Un articolo de Il Fatto Quotidiano che riguarda alcune dichiarazioni di Antonio Tajani sulla riforma della giustizia per cui gli italiani sono chamati ad espremersi con il referendum indetto per il mese di marzo.
Si scrive sul quotidiano diretto da Marco Travaglio: ”Tre nuovi obiettivi, insomma. Poi largo spazio alle storie di errori giudiziari – al video-ricordo di Enzo Tortora seguono le parole della sua storica compagna Francesca Scopelliti, presidente del comitato ‘Cittadini per il sì – e attacchi all’Anm e ai comitati del no. Il vicepresidente Giorgio Mulè invita a “onorare il patto di lealtà con Berlusconi”. E, portando sul podio il burattino di Pinocchio, lo presenta: “è il presidente onorario dell’Associazione nazionale magistrati che diffonde balle spaziali”. Il riferimento è ai manifesti del comitato per il no. Su cui anche il presidente del Comitato Sì Separa, Gian Domenico Caiazza, insiste: “falsità”. “Prepariamoci a uno scontro durissimo”, aggiunge. E il viceministro alla Giustizia Francesco Paolo Sisto invita alla “crociata per il referendum”, anche se è il segretario Tajani è già convinto della vittoria.
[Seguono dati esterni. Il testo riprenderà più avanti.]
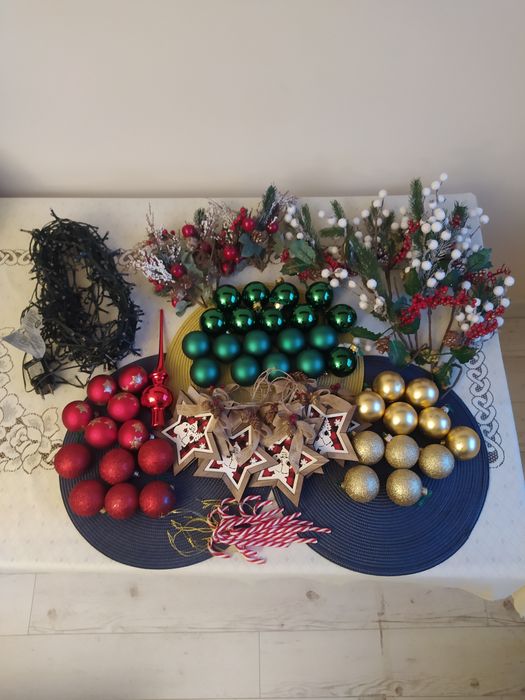 Choinka 180 cm z ozdobnymi i lampkami z Leroy Merlin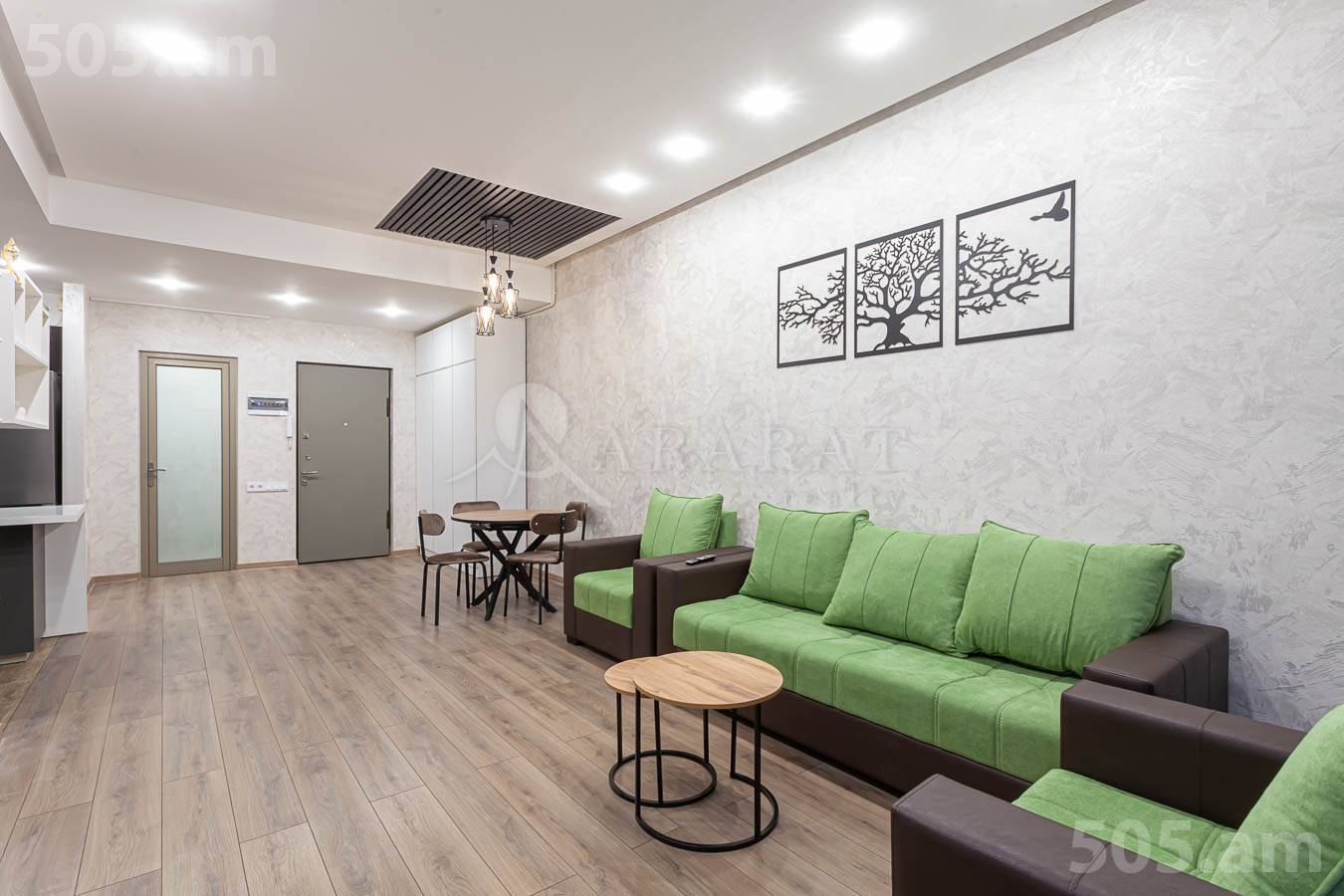 3 սենյականոց բնակարան  Միկոյան փող, Դավթաշեն Երևան, 154276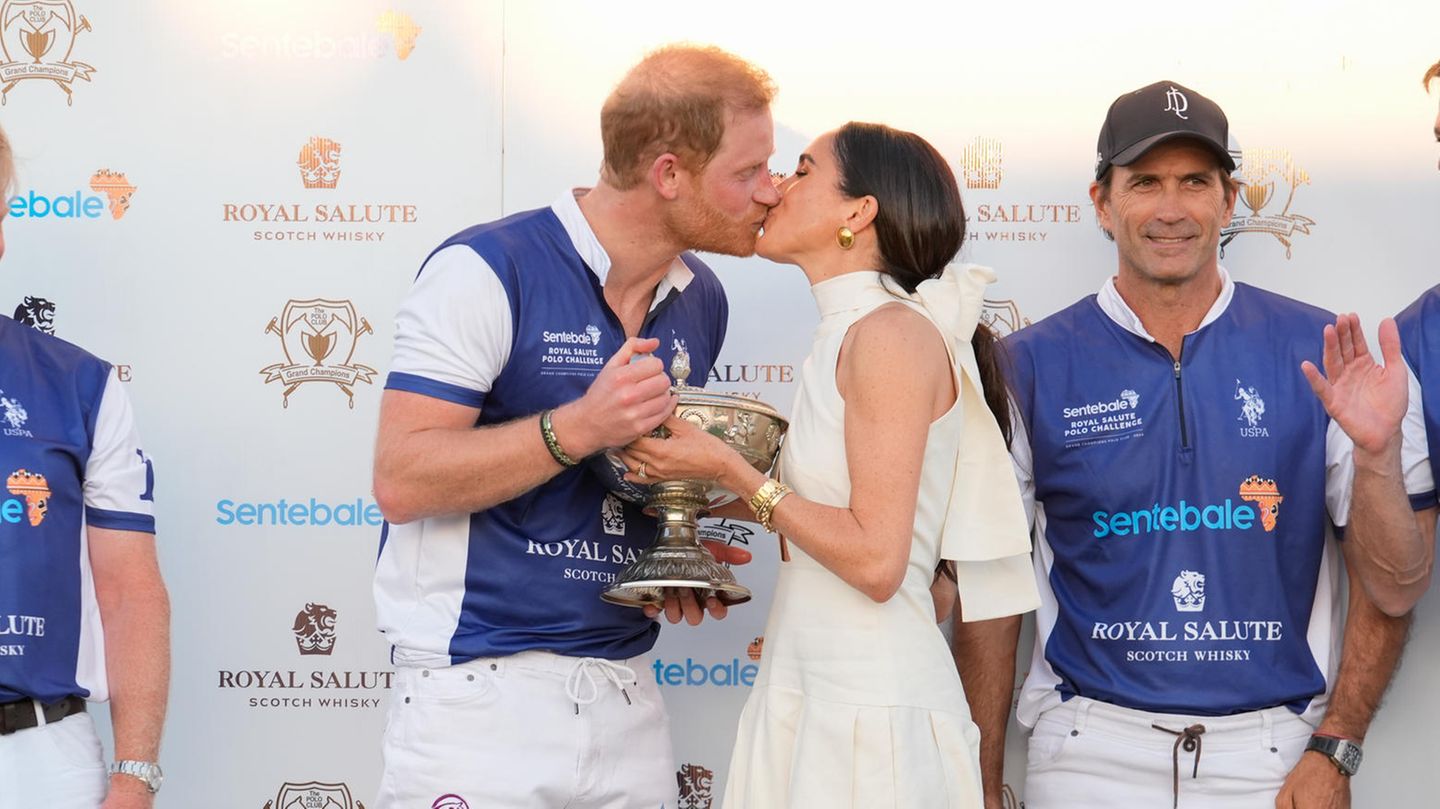 Prinz Harry + Herzogin Meghan: Wieder gibt es einen Kuss zur Polo-Troph&auml;e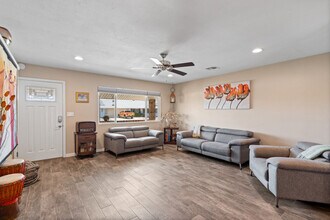 10314 W Sierra Dawn Dr in Sun City, AZ - Building Photo - Building Photo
Durante un evento di Forza Italia a Roma dedicato al referendum sulla separazione delle carriere, il vicepremier Antonio Tajani ha rilanciato con forza il progetto di riforma della giustizia, dedicandolo alla memoria di Silvio Berlusconi.
I punti principali emersi sono:
Polizia giudiziaria ai PM: Tajani ha proposto di aprire un dibattito sull’opportunità di togliere il controllo della polizia giudiziaria ai magistrati. Attualmente, l’articolo 109 della Costituzione prevede che l’autorità giudiziaria ne disponga direttamente, ma secondo Tajani e altri esponenti di FI (come Claudio Fazzone), questa funzione non dovrebbe più spettare ai pubblici ministeri.
Oltre la separazione delle carriere: il segretario di Forza Italia ha affermato che la riforma Nordio e la separazione delle carriere sono solo l’inizio. È necessario completare il quadro con la responsabilità civile dei magistrati e una riforma della giustizia civile.
Difesa della “sacralità della toga”: Tajani ha definito Forza Italia come il “partito dei magistrati”, sostenendo che la riforma mira a restituire dignità e “sacralità” alla figura del magistrato, allontanandola dalle polemiche e dal “fango”.
Toni accesi e riferimenti simbolici: l’evento ha visto attacchi duri all’Associazione Nazionale Magistrati (ANM) — definita simbolicamente da Giorgio Mulè tramite un burattino di Pinocchio come dispensatrice di bugie — e un forte richiamo emotivo attraverso il ricordo di Enzo Tortora.
Scontro politico: mentre Tajani e il viceministro Sisto invitano a una “crociata” per il sì al referendum, il PD ha annunciato battaglia contro una riforma che ritiene pericolosa per l’equilibrio dei poteri costituzionali.